Your task: In the records below, the part to copy starts at the line containing "Minimalist continuous one-line" and goes to the last line; output it exactly, without pictures.

Material shown:

-- Opening Marker --

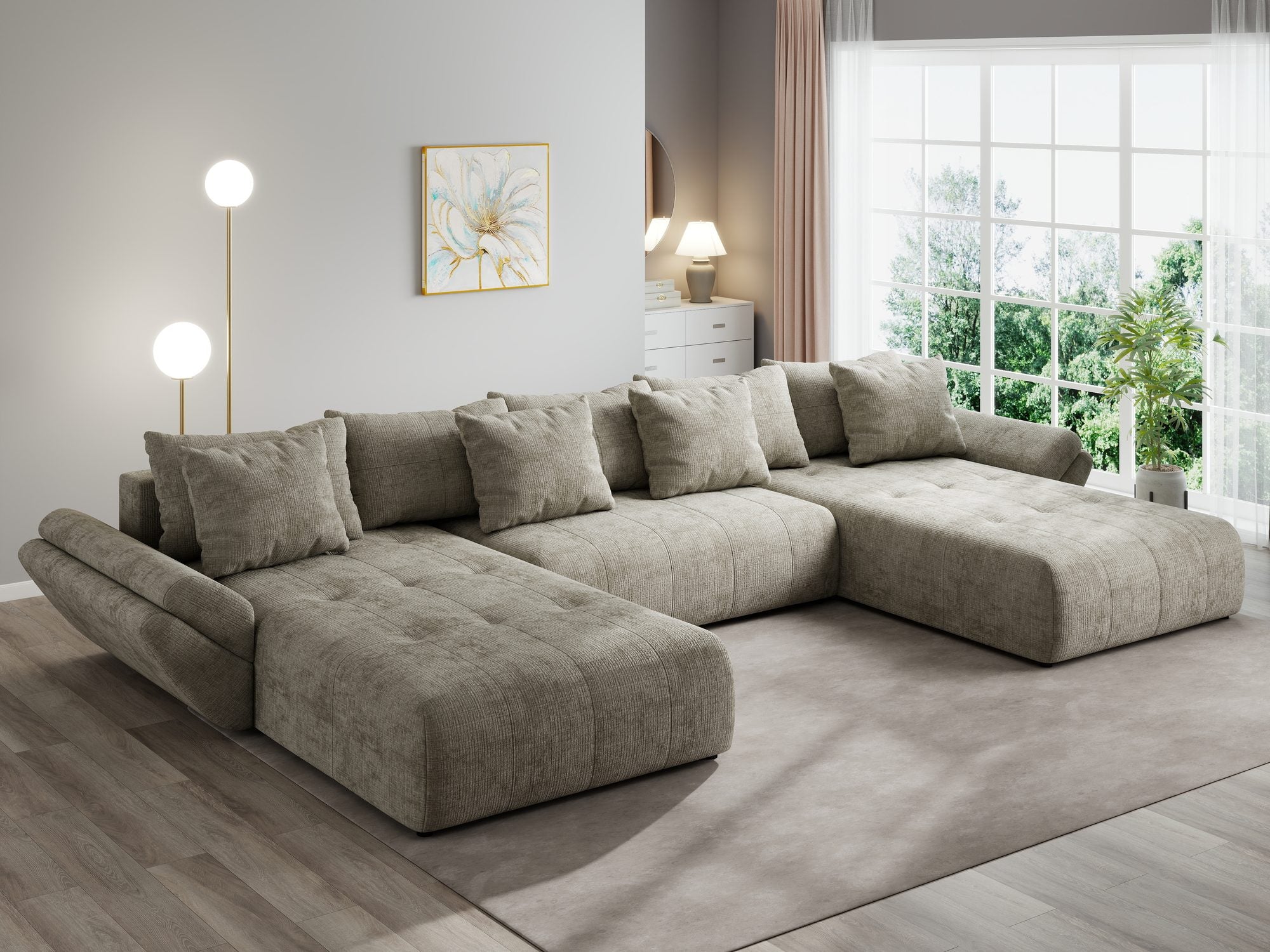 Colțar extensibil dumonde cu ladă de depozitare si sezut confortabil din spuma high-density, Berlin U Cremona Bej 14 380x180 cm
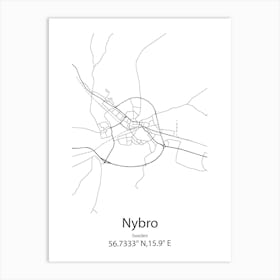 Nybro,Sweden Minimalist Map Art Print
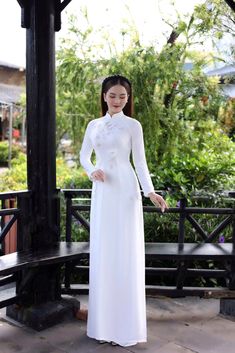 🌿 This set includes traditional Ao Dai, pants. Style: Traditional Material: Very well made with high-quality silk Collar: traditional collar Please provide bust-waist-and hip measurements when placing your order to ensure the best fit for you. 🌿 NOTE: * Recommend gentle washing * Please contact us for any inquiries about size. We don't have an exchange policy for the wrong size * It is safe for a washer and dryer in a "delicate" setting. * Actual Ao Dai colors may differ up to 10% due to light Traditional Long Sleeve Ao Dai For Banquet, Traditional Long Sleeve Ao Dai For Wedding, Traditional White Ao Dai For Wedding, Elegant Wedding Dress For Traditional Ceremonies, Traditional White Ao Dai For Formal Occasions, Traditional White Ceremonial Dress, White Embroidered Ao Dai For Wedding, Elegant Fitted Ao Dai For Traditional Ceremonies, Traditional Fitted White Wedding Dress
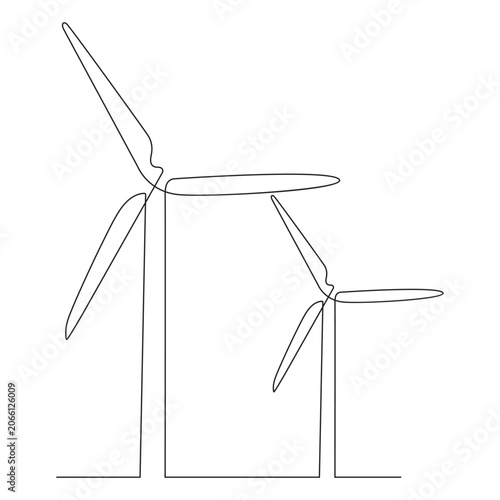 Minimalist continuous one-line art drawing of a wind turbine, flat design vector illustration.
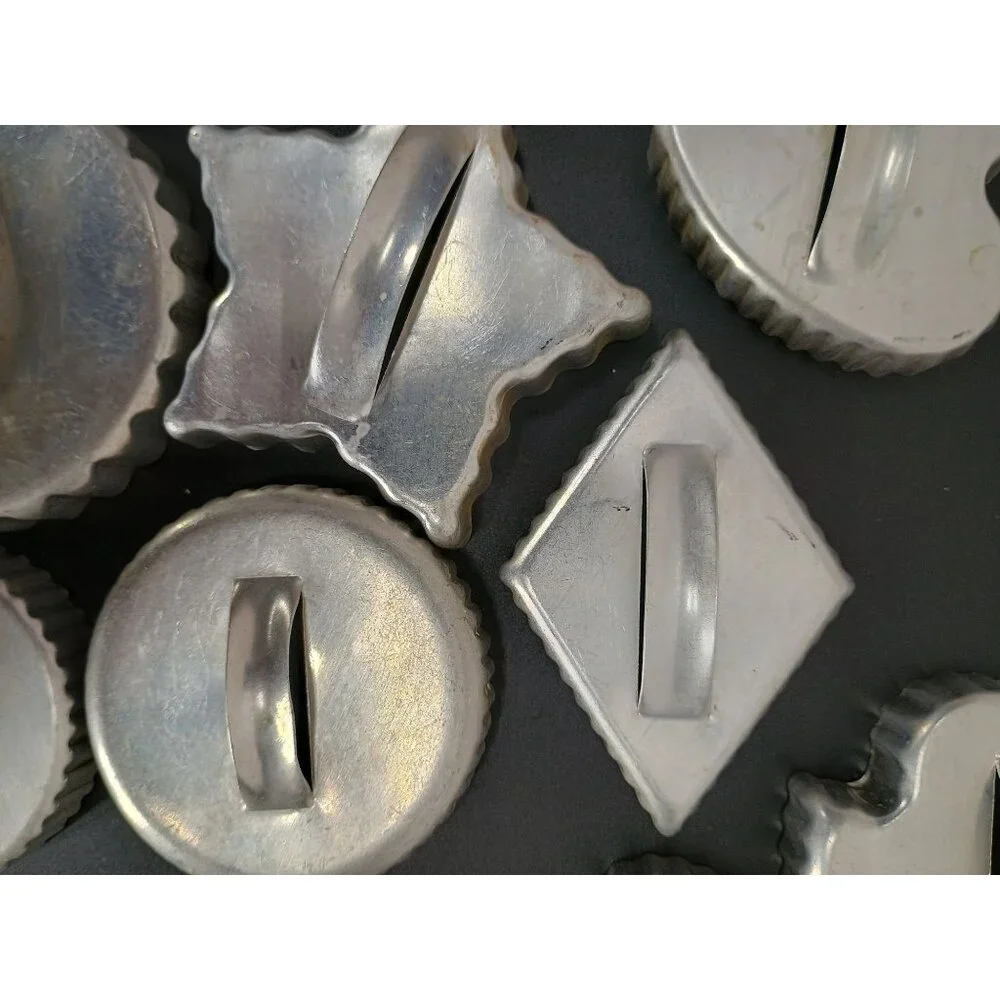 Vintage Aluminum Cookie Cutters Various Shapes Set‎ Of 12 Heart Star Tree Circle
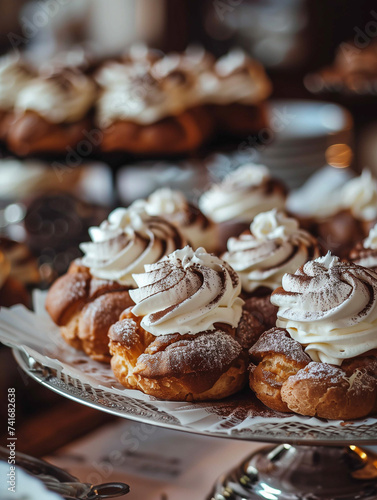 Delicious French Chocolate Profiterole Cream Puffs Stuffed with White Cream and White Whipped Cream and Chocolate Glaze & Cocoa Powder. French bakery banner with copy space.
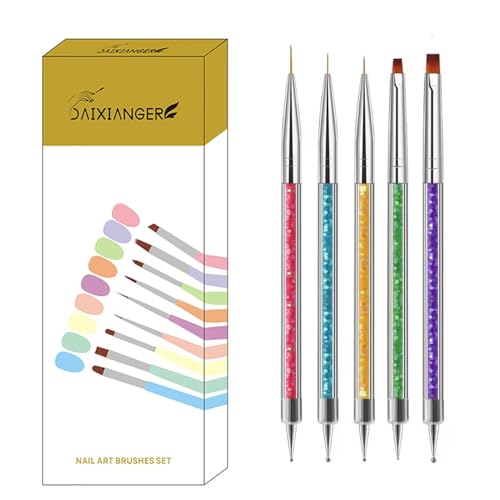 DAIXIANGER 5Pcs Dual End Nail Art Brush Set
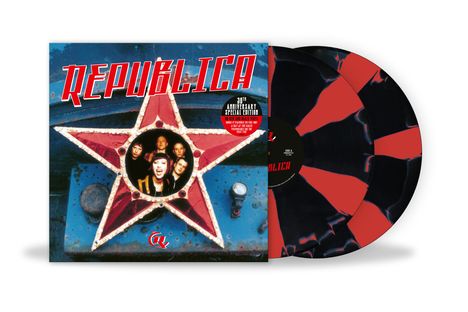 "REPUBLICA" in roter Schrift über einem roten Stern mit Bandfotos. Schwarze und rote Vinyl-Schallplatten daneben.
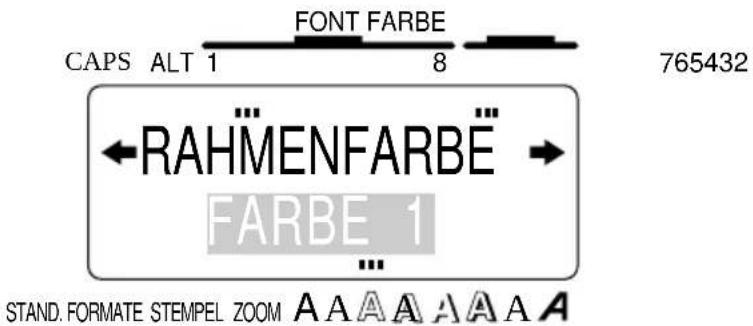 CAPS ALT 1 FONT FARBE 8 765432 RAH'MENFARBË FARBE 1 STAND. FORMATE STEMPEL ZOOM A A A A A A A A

-- Closing Marker --

Final answer:
 Minimalist continuous one-line art drawing of a wind turbine, flat design vector illustration.
 Vintage Aluminum Cookie Cutters Various Shapes Set‎ Of 12 Heart Star Tree Circle
 Delicious French Chocolate Profiterole Cream Puffs Stuffed with White Cream and White Whipped Cream and Chocolate Glaze & Cocoa Powder. French bakery banner with copy space.
 DAIXIANGER 5Pcs Dual End Nail Art Brush Set
 "REPUBLICA" in roter Schrift über einem roten Stern mit Bandfotos. Schwarze und rote Vinyl-Schallplatten daneben.
 CAPS ALT 1 FONT FARBE 8 765432 RAH'MENFARBË FARBE 1 STAND. FORMATE STEMPEL ZOOM A A A A A A A A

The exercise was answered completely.